Born in Kerala, ‘the land of coconuts’, I love coconut but baath cake is not from Kerala. It is actually a Goan delicacy.
Try and enjoy!! Trust me, its yummy 🙂
Eggs – 3
Semolina/sooji/rava – 1 cup
Dessicated coconut(fresh if possible)- 2 cups
Sugar – 1 ½ cups
All purpose flour – 3 tbsp
Cornstarch – 1 tbsp
Salt – ½ tsp
Baking powder – 2 tsp
Butter (soft) – 3 tbsp
Vanilla essence – 1 tbsp
Warm water – ½ cup
I had tripled the recipe for an event. Therefore the pictures shown below are of the tripled quantity.
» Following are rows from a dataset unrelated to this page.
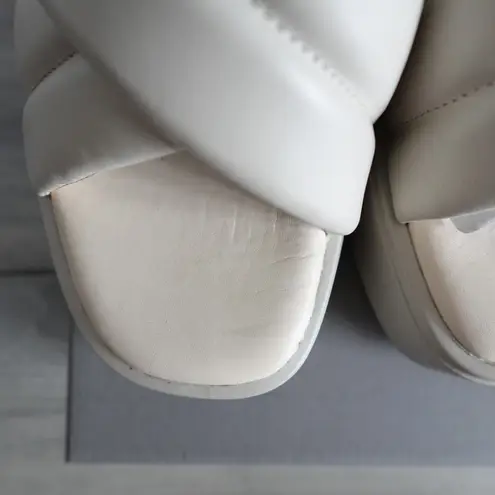 Vagabond Shoemakers Courtney Cross Strap Sliders Cream Ivory Off White Size 40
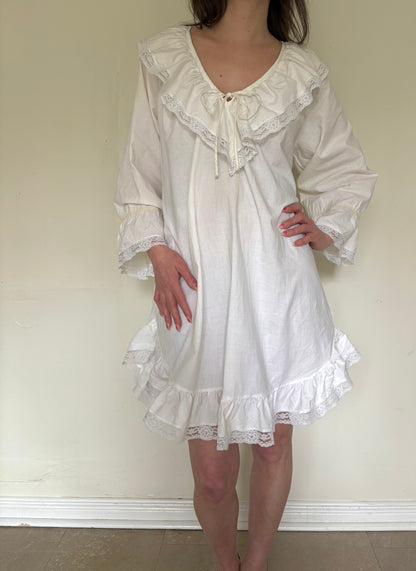 80s cotton dress/nightgown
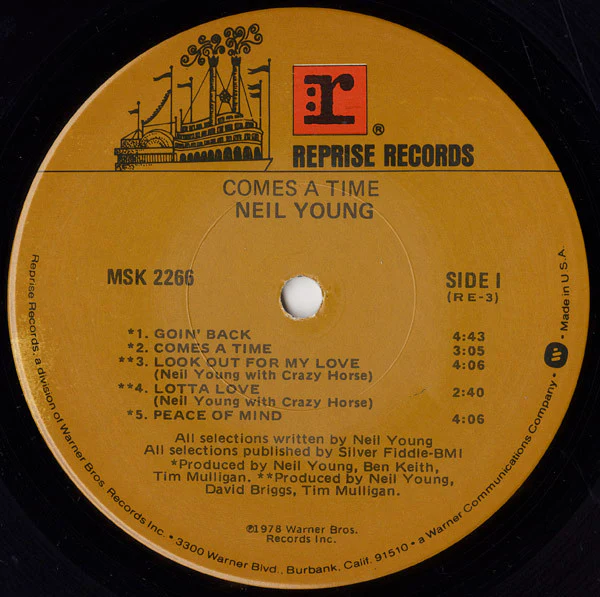 Neil Young - Comes A Time (LP, Album, RP, Win) (Very Good (VG)) - Image 4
- Beat the eggs till they turn fluffy and add the butter to it, beat again for few minutes.
- Grind the grated coconut with warm water to make a thick coarse paste.
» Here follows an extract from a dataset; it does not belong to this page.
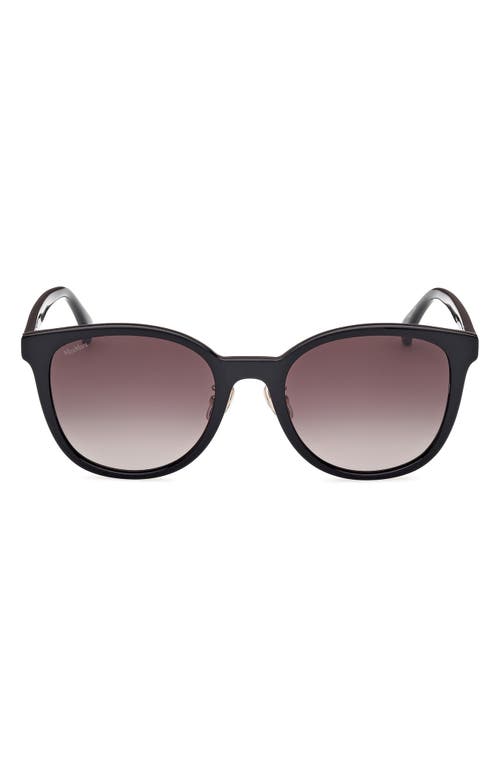 Max Mara 55mm Round Sunglasses In Black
- In another bowl, take the semolina, all purpose flour, baking powder, cornstarch, salt, sugar and mix well.
- Now add the ground coarse coconut paste and beaten eggs gradually to the dry ingredients. Mix everything well with a spatula.
- Cover it and keep the above mixture for 8 hours in room temperature (if the climate is chilled) or over night for best results.
- If the climate is hot, cover this cake batter and keep in fridge for 8 hours or overnight, remove an hour earlier to bring it at room temperature before baking.
- Finally add the vanilla essence and give a stir.
- Preheat the oven to 350 degrees F. Transfer the cake batter to a well greased round or square mold.
- Top it with dry fruits(optional). Bake for 30-35 minutes until a skewer inserted comes out clean.
- Cut into little squares and serve.